**Your assignment:**
Transcribe exactly the lines below that begin at the line with "New Holland TM" and stop after the line with "Fille heureuse dessinant", leaving out every picture.

-- Information given follows --

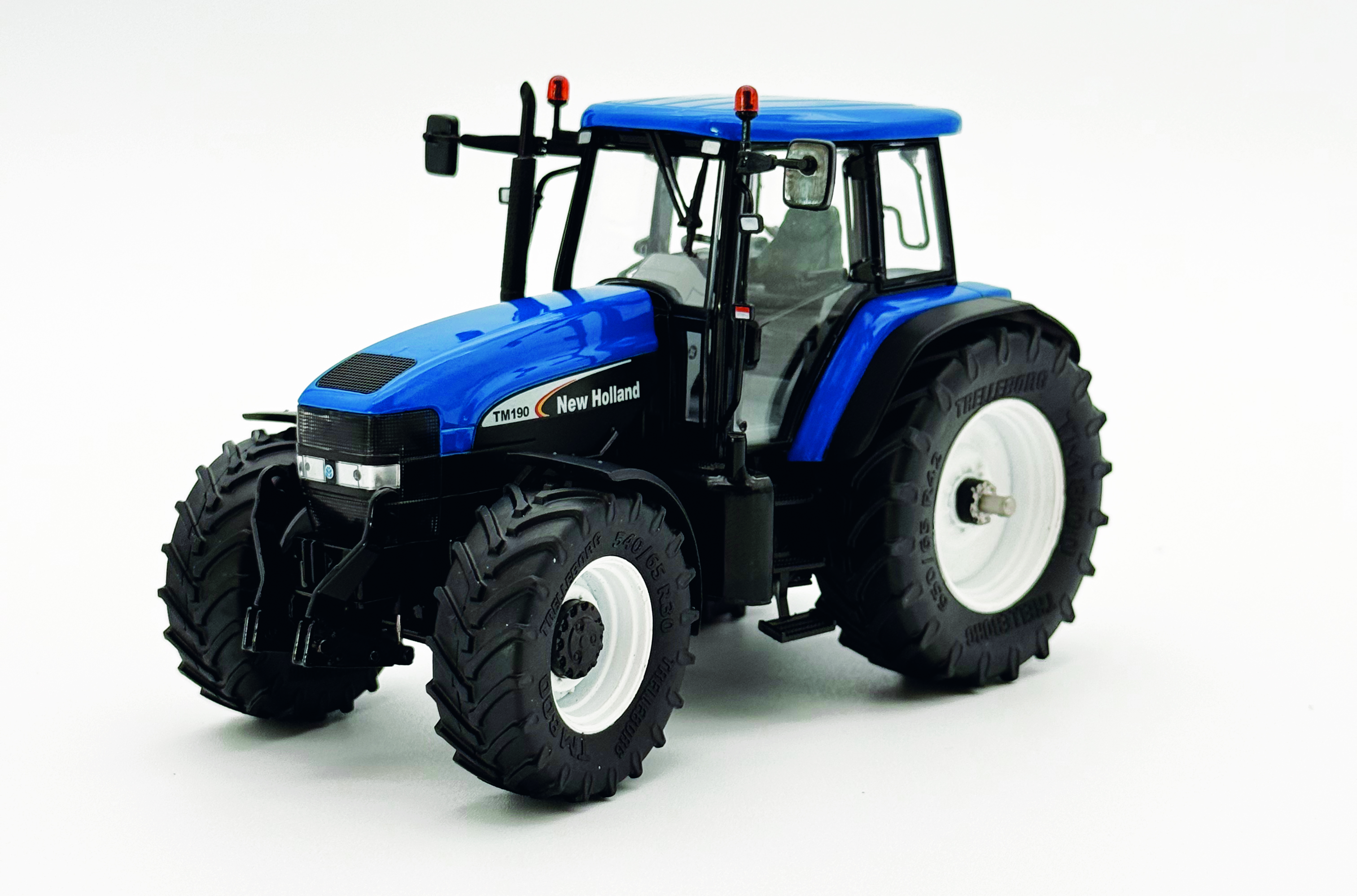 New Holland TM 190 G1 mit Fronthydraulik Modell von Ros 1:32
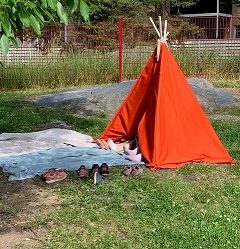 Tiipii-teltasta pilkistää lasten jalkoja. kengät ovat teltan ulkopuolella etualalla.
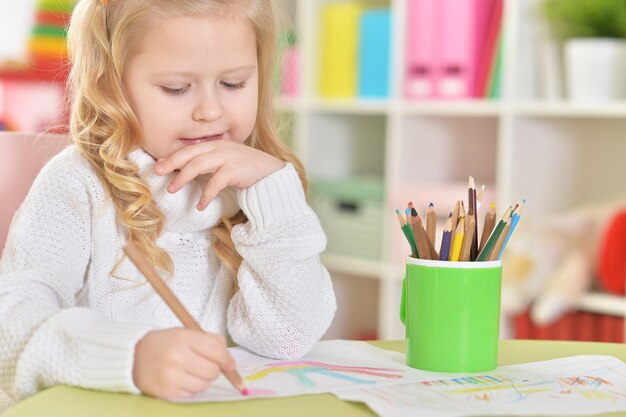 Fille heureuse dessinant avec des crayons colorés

-- Information given concluded --
-- Information given follows --

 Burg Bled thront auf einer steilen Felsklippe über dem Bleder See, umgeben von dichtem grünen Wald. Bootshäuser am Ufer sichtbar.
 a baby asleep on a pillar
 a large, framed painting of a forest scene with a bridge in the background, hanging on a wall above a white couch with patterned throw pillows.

-- Information given concluded --

**Exercise output:**
 New Holland TM 190 G1 mit Fronthydraulik Modell von Ros 1:32
 Tiipii-teltasta pilkistää lasten jalkoja. kengät ovat teltan ulkopuolella etualalla.
 Fille heureuse dessinant avec des crayons colorés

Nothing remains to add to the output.